Schumer lab: Where can I find commonly used files
Most genome assemblies, recombination maps, simulation tools, annotation files, etc can be found in our shared_resources folder on Sherlock (also available in Box):
/home/groups/schumer/shared_bin/shared_resources
The most important resources are outlined below
Where can I find up-to-date files for local ancestry inference
The most up-to-date files for running local ancestry inference can be found here:
/home/groups/schumer/shared_bin/shared_resources/Base_ancestry_run_files_August2020
This folder is set up so that you can copy all of its contents to the directory on slack where you are running local ancestry inference. For example:
cp /home/groups/schumer/shared_bin/shared_resources/Base_ancestry_run_files_August2020/* ./
Which genome assembly and annotation file should I use?
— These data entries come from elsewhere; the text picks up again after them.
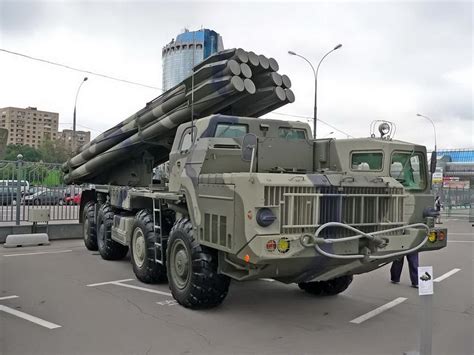 BM-30 Smerch - Walk Around | Military rocket, Army vehicles, Military ...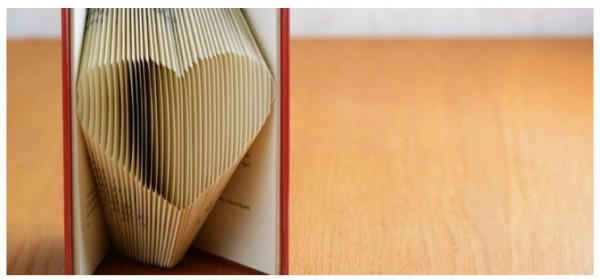 5 DIY Projects You Can Make With Old Books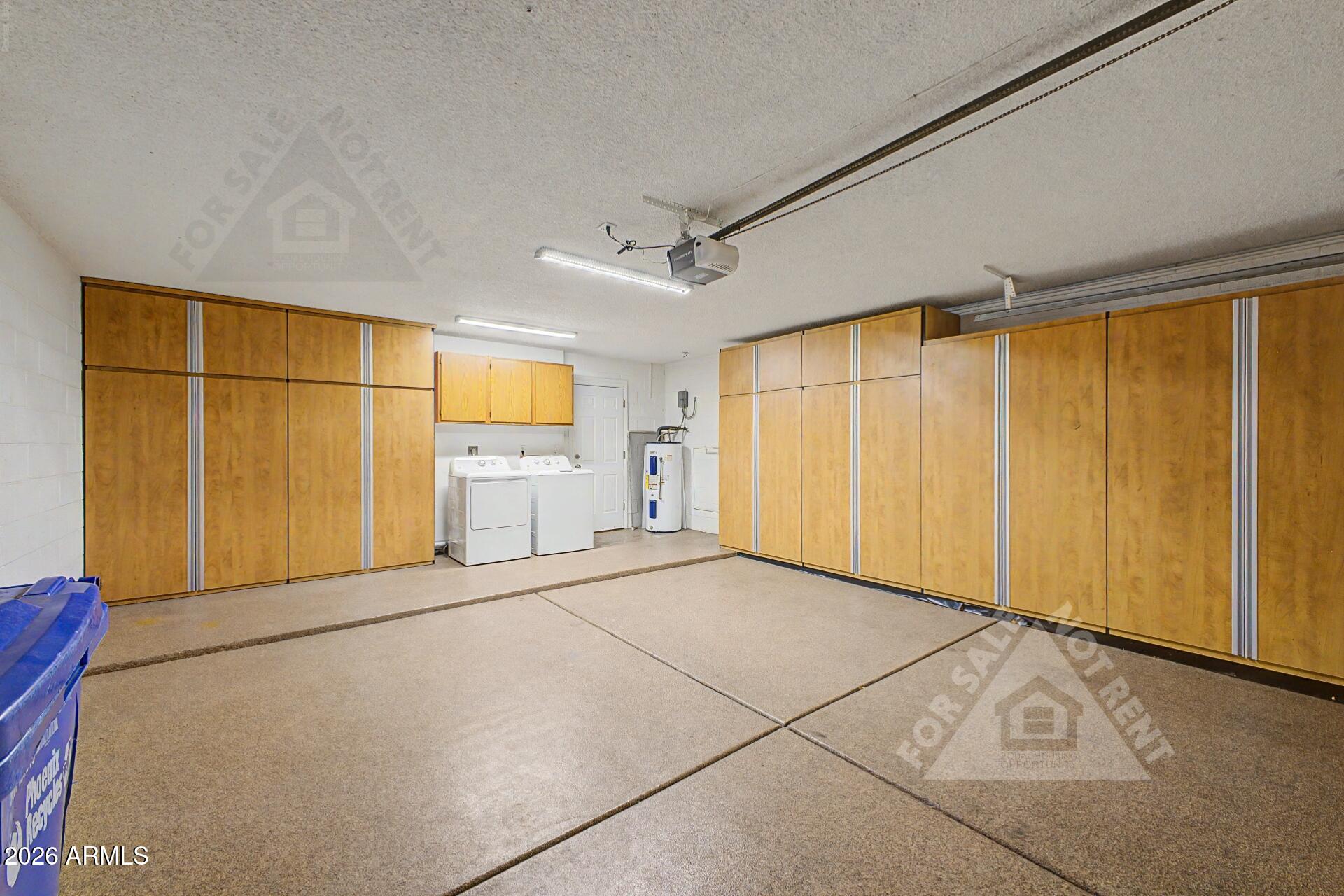 912 East Villa Rita Drive Phoenix, AZ 85022 - Photo 26 of 27 a view of an empty room with a window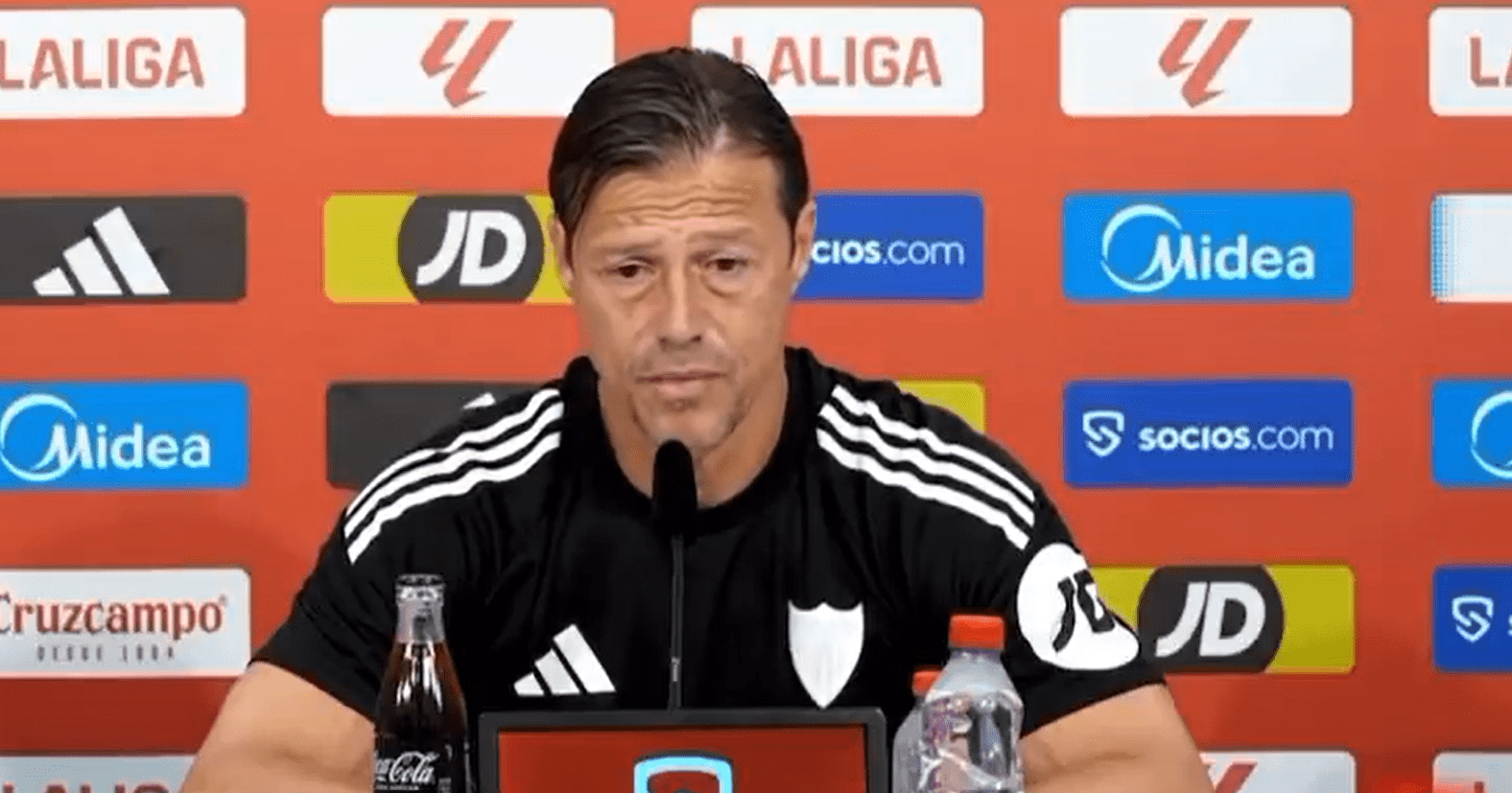 Καμία σκέψη του Αλμέιδα να παραιτηθεί - Τι αναφέρουν οι Ισπανοί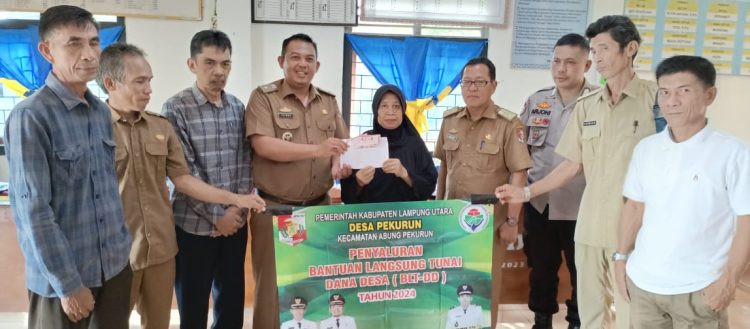 Puluhan Warga Desa Pekurun Lampung Utara Terima bantuan BLT -DD Tahap ll
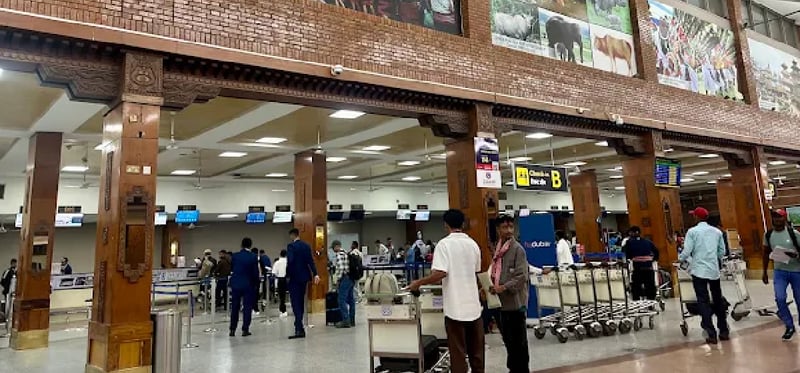 खाडी जान लागेका कामदारको दुखेसो: साथीले भन्छन् नआउ, यहाँ बसेर के गर्नू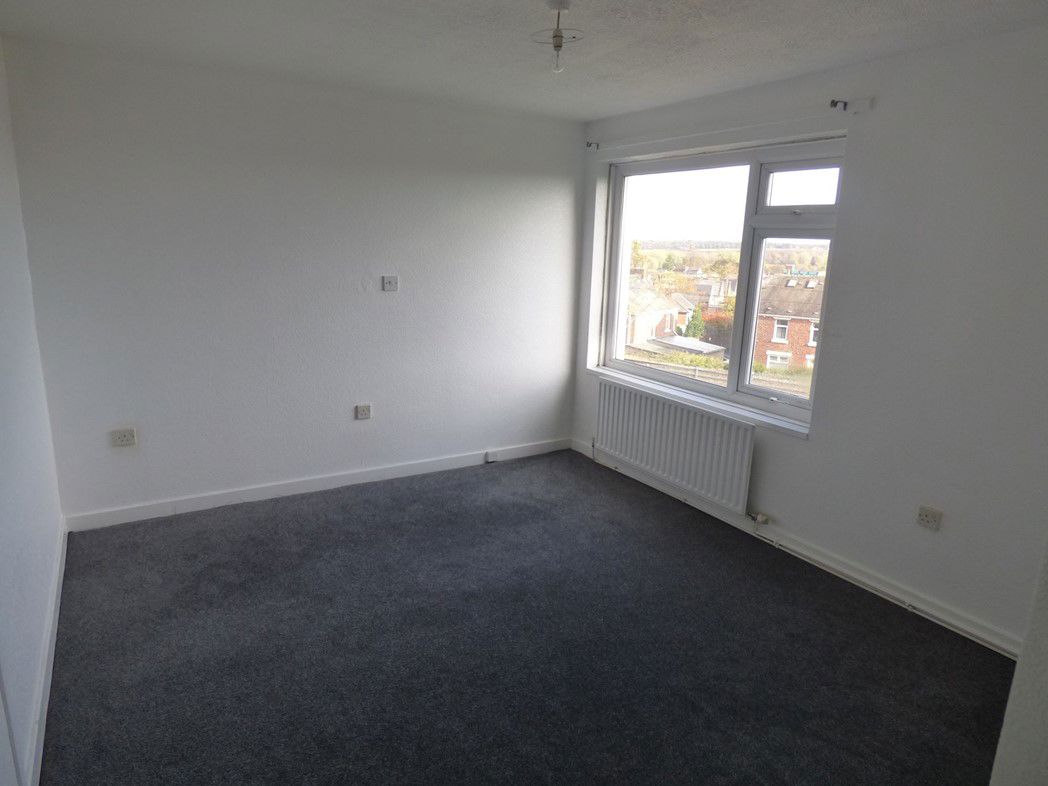 Property image 4 of 8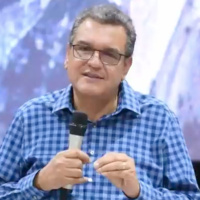 Dr. Idilio Pardillo Cadena El Que Te Corona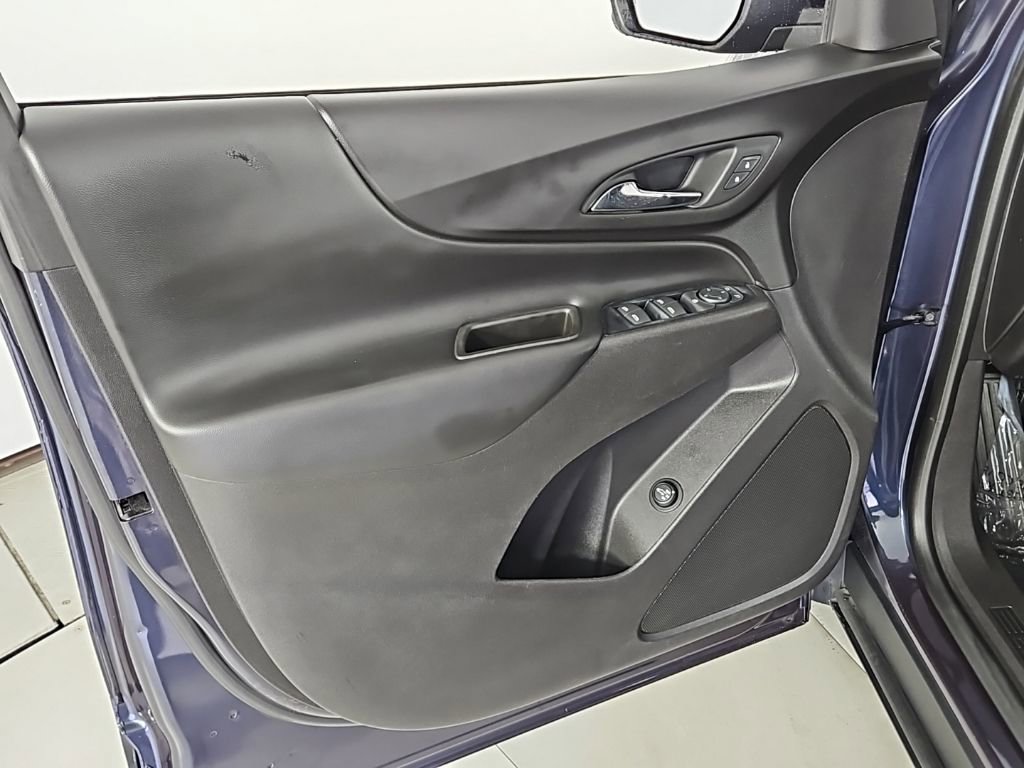 Used 2019 Chevrolet Equinox LT image 11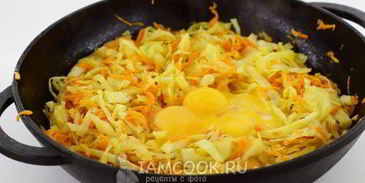 жареная капуста с яйцом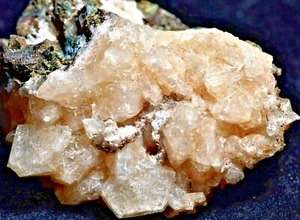 RARE GMELLINITE HEULANDITE! 3X2X1.5 CM, BAY OF FUNDY ZEOLITE, NOVA SCOTIA,CANADA - Picture 1 of 1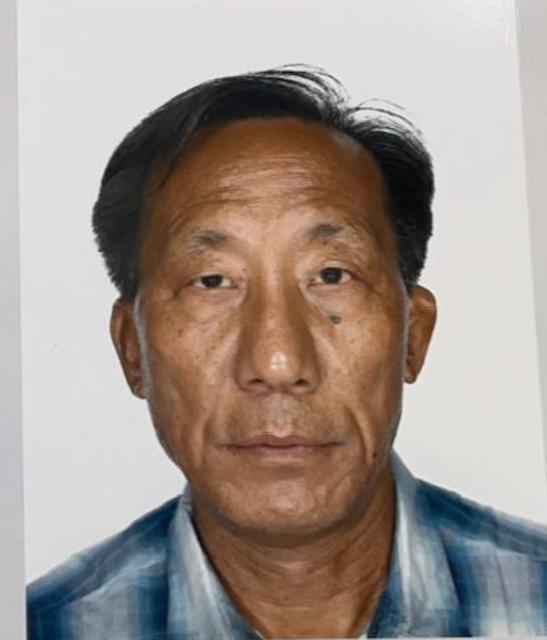  Kwok Kam-kuen, aged 65, is about 1.7 metres tall, 55 kilograms in weight and of thin build. He has a sqaure face with yellow complexion and short black hair. He was last seen wearing a grey shirt, a pair of long pants and carrying a backpack with yellow and purple spots. 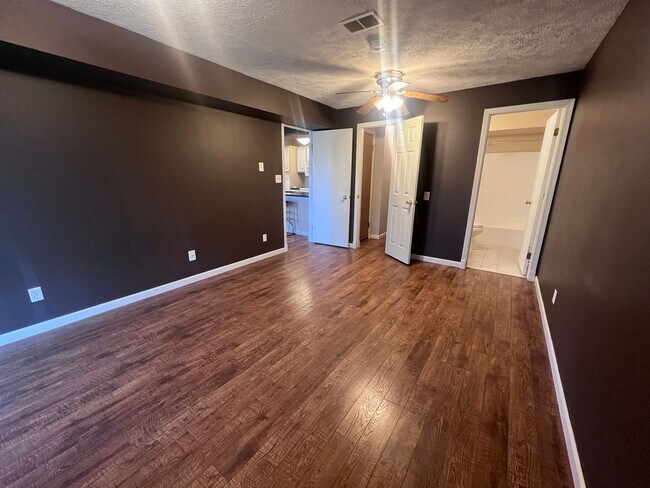 Building Photo - 2 Bed 2 Bathroom Condo in Allendale!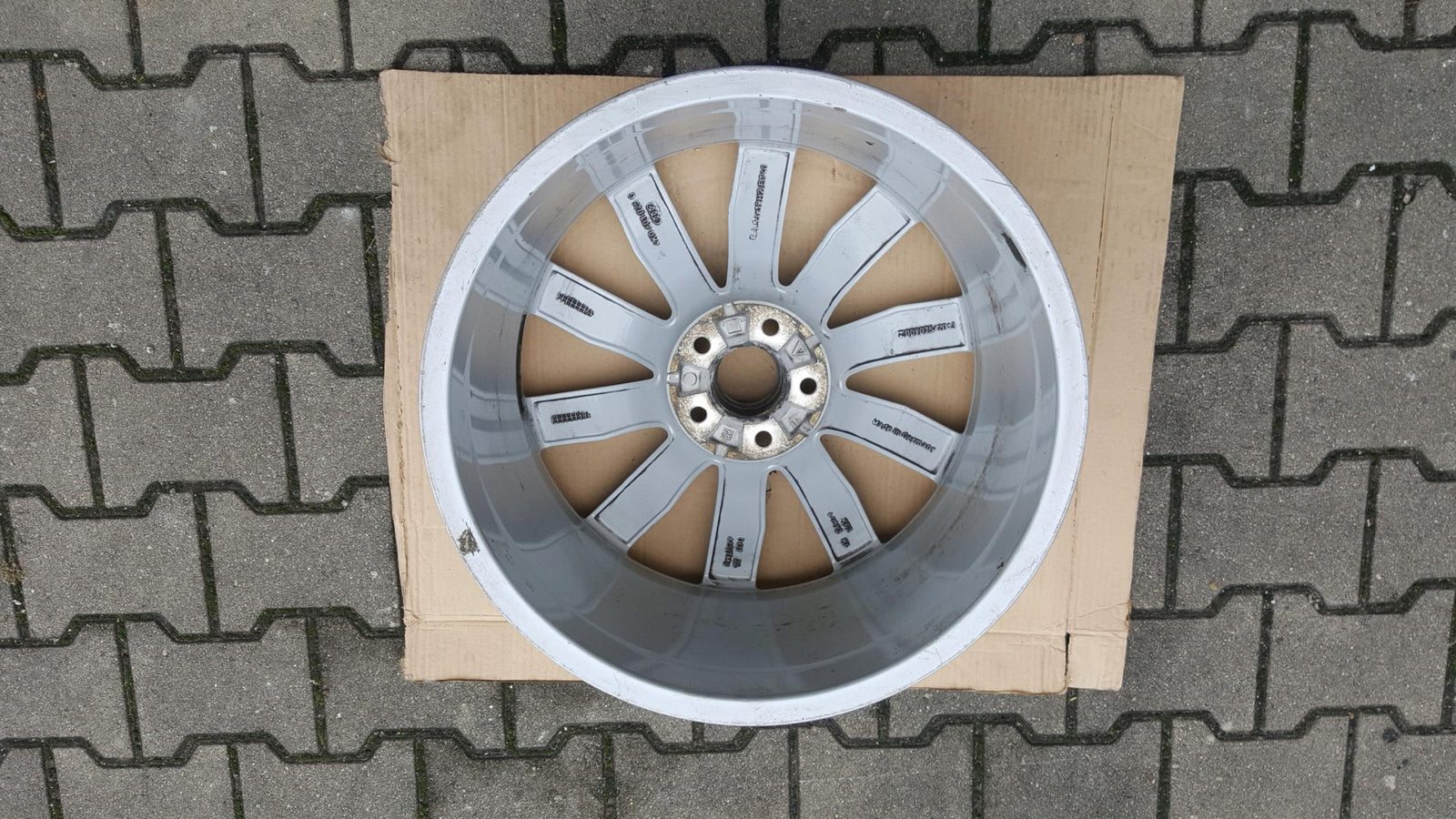 Felga Aluminiowa alufelga AUDI 4K0 4K0601025G 19” x 8,5”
- For X. birchmanni the current assembly is:
/home/groups/schumer/shared_bin/shared_resources/xiphophorus_birchmanni_10x_12Sep2018_yDAA6.fasta
and the annotation files are:
/home/groups/schumer/shared_bin/shared_resources/Xbirchmanni-10x_12Sep2018_yDAA6-annotation-output
- For X. malinche the current assembly is:
/home/groups/schumer/shared_bin/shared_resources/xiphophorus_malinche_10x_14Nov2018_HyZ96.fasta
and the annotation files are:
/home/groups/schumer/shared_bin/shared_resources/xiphophorus_malinche_14Nov2018_HyZ96_annotation_output
- For X. maculatus the current assembly is:
/home/groups/schumer/shared_bin/shared_resources/xma_washu_4.4.2-jhp_0.1_combined-unplaced-mito.fa
and the annotation files are:
/home/groups/schumer/shared_bin/shared_resources/Xiphophorus_maculatus_LG.Xipmac4.4.2.81.gtf
Where can I find i5/i7 barcode files?
Tn5 libraries
For Tn5 libraries, i5 barcode sequences can be found in box under this path:
Schumer_lab_resources/Extractions_and_library_preps/Tn5_i5_indices.xls
For Tn5 libraries, i7 barcode sequences can be found in box under this path:
Schumer_lab_resources/Extractions_and_library_preps/Tn5_i7_indices.xls
Quail libraries
Quail libraries only have an i7 index, which can be found here:
Schumer_lab_resources/Extractions_and_library_preps/Quail_FC1_index_sequence.xls
RNAseq libraries
i5 and i7 indices for kapa RNAseq libraries can be found here:
Schumer_lab_resources/Extractions_and_library_preps/IDX Unique Dual Indexes_forkapa_RNAseq.xls
Which recombination map should I use?
- The current LD recombination map for X. birchmanni can be found here:
/home/groups/schumer/shared_bin/shared_resources/Xbirchmanni_LD_recombination_map_10xgenome_March2019
- The current crossover map for F2s can be found here:
/home/groups/schumer/shared_bin/shared_resources/Xbirchmanni_Xmalinche_F2_map_March2019
- The current crossover map for all artificial hybrids can be found here:
/home/groups/schumer/shared_bin/shared_resources/Xbirchmanni_Xmalinche_all_artificial_hybrids_map_March2019
Where can I find previously run ancestry.tsv files?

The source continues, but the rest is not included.